Donc a l'aide d'échantillons venus de huit sites (dont certains avaient des caractéristiques similaires), une chronologie absolue a pu étre établie sur la Lune. Le point de départ est bien connu grâce aux roches lunaires, mais aussi terrestres : environ 4,5 milliards d'années. Jusqu'à -3,2 milliards d'années, dater la surface lunaire à partir du nombre et de la taille des cratères ne pose aucun problème. "C'est ensuite que ça se complique, explique Pierre Thomas, géologue à l'ENS de Lyon. Entre -3,2 milliards d'années et aujourd'hui, les incertitudes sont telles que nous n'avons plus vraiment de courbe. Le bombardement a-t-il décru de manièère constante ?" Les astronomes ont tablé sur cette hypothése vraisemblable. Pour déterminer les âges des différentes surfaces de Mars, les scientifiques ont tout simplement transposé les données lunaires à la planète rouge. Bien sûrs ils ont tenu compte du fait que Mars n'a pas la même masse que la Lune et qu'elle attire donc davantage les astéroïdes. Ils ont intégré le fait qu'elle n'est pas à la même place dans le Système solaire (elle jouxte la Ceinture d'astéroïdes) et même le fait qu'en raison de son atmosphère, elle est soumise à une érosion éolienne, voire glaciaire ou aquatique, contrairement à la Lune. Mais malgré toutes ces précautions, il demeure des incertitudes que Pierre Thomas qualifie de "monstrueuses". Des "barres d'erreur énormes", indique pour sa part François Costard, du Laboratoire de géomorphologie planétaire à l'université de Paris-Sud.
Par leurs travaux récents, Cathy Quantin et William Hartmann ont contribué à réduire le flou sur ces datations absolues. Dans un article en cours de publication, ils s'apprétent à confirmer leurs résultats précédents grâce à de nouveaux comptages de petits cratères au sein d'impacts qualifiés de récents (quelques dizaines de millions d'années ->).

Entre temps, d'autres données sont venues étayer leur chronologie révisée, celles des sondes Mars Global Surveyor (MGS), aujourd'hui hors d'usage, et Mars Reconnaissance Orbiter (MRO). "Fin 2006, Mike Malin, de l'équipe d'imagerie de MGS, a annoncé qu'il avait détecté la formation de nouveaux cratères de 10 à 20 m de diamètre pendant la durée de la mission (<-), explique William Hartmann. Ceci a été confirmé par MRO, en mars 2009. La bonne nouvelle, c'est que le taux de production pour ces tailles recoupe exactement les taux que nous avons utilisés, à moins d'un facteur 2".

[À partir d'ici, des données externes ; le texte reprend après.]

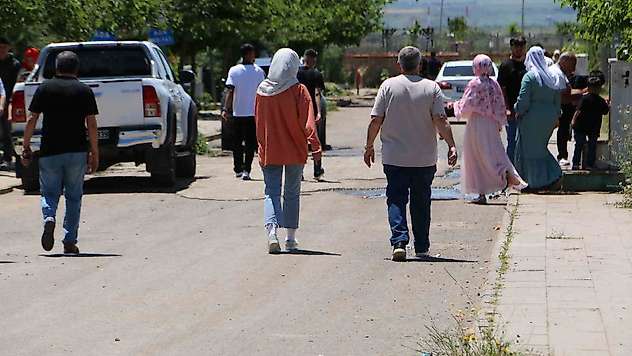 Diyarbakır'da Kurban Bayramı'nın ilk gününde mezarlıklar doldu taştı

Ces deux cratères (<-) n'existaient pas quand la mission de MGS a commencé autour de Mars. Le premier, en haut, est apparu entre avril 2001 et décembre 2003 ; le second, entre décembre 2003 et novembre 2005. En tout, une vingtaine de nouveaux cratères comme ceux-ci permettent d'estimer la fréquence actuelle des impacts sur la planète rouge.

Prochaine étape : aller chercher une poignée de cailloux martiens. "Avec trois échantillons venant de sites bien choisis, cela nous permettrait d'étalonner notre système de comptage des cratères, affirme William Hartmann. Une fois fait, nous pourrions dater en toute confiance n'importe quelle formation sur Mars, sans avoir besoin d'y aller".